ADR-0001: DuckDB as the primary warehouse¶

Status: Accepted · 2026-02 · reaffirmed 2026-07 for the local-only platform.

Context¶

Databox is a single-operator data platform. Three hard constraints shape every infrastructure choice:

Zero fixed cost. No always-on database instance, no managed warehouse contract, no per-seat BI licensing.
Zero-infra local mode. A new contributor (or a future me on a new laptop) should be productive in minutes, not after provisioning anything.
Analytical workload profile. The data is batch-ingested daily, modeled with SQL, and queried by a handful of dashboards. No OLTP, no high concurrency, no real-time writes.

Candidate stacks considered: Postgres + dbt, Snowflake (free tier), BigQuery (free tier), ClickHouse, DuckDB, Parquet-on-S3 + Athena.

Decision¶

Use DuckDB as the primary warehouse. All transformations run against DuckDB; all marts live in DuckDB files under data/.

Consequences¶

Positive: - Zero infra. The database is a .duckdb file on disk. - Analytical queries against the flagship mart finish in tens of milliseconds locally. No tuning, no clustering keys. - Columnar storage + vectorized execution make this genuinely fast for the workload, not just "fine for small data". - First-class Parquet, JSON, and HTTP extensions mean dlt and downstream consumers can read/write a wide variety of formats without glue code. - Open source (MIT). No vendor lock-in.

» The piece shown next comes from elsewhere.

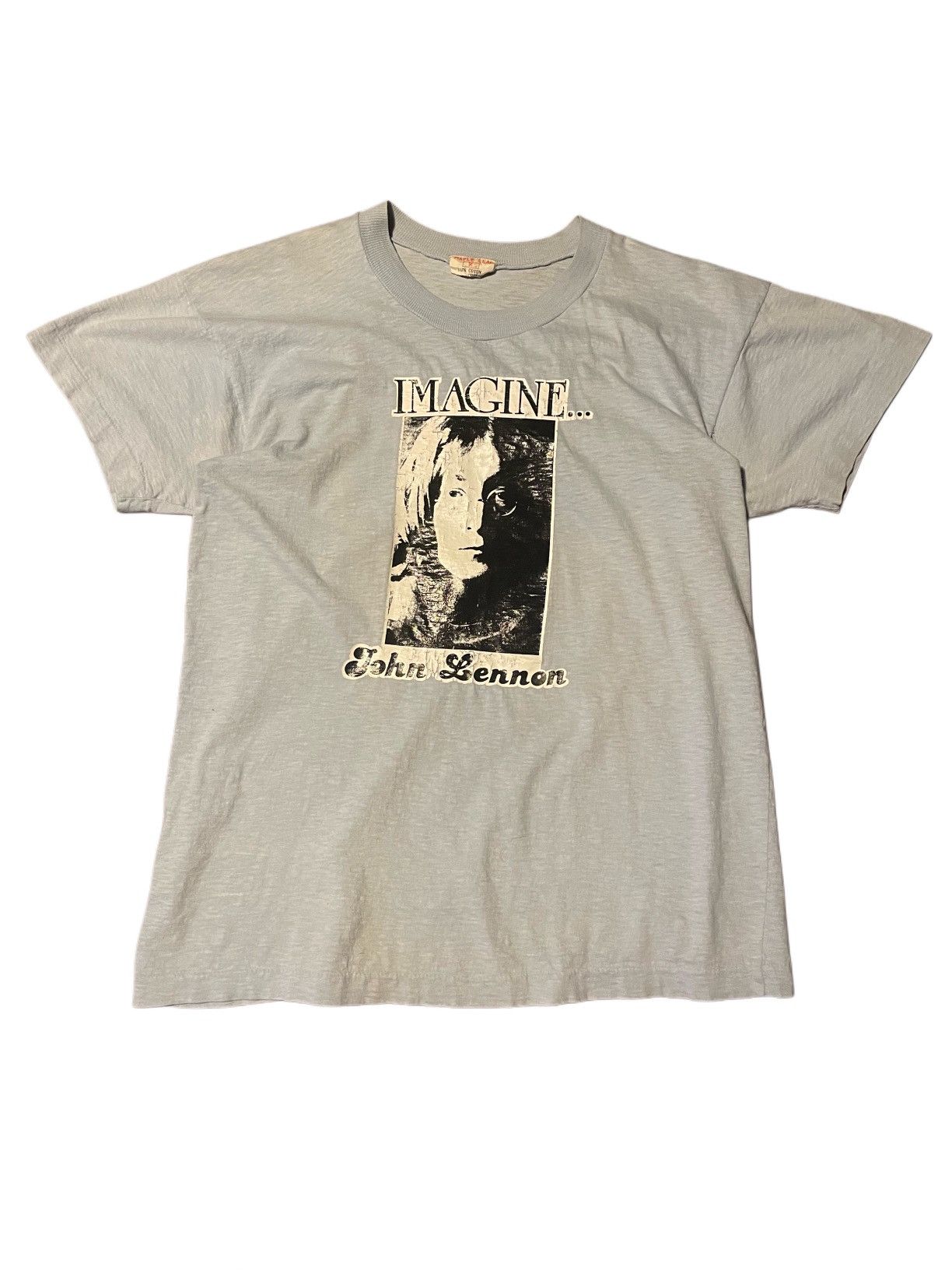 Band Tees 1960s 70s Grail John Lennon Imagine Pre Tee Shirt Hoodie, Sweatshirt | FlexRushtees.com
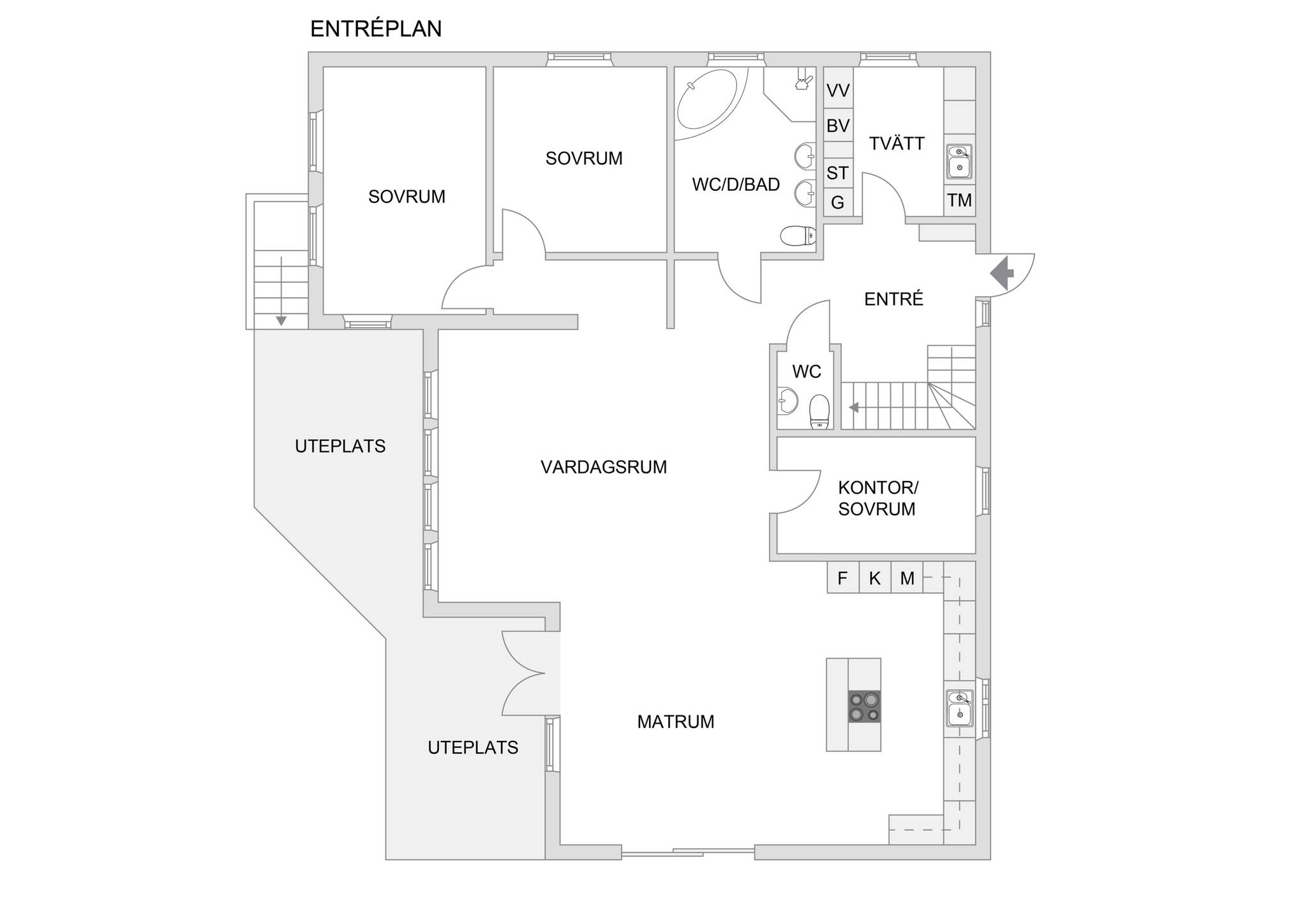 10 rum Villa på Påskvägen 7 Jakobsberg - Västra Järfälla kommun - bild 8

Negative: - Direct multi-process writes to the same .duckdb file are still not the local model; concurrent local ingest goes through Quack (ADR-0007). - No row-level security, no fine-grained access control. Out of scope for this project; would be disqualifying at enterprise scale. - The .duckdb file is binary and doesn't diff cleanly — source of truth is always the raw ingest + transform code, never the database file itself.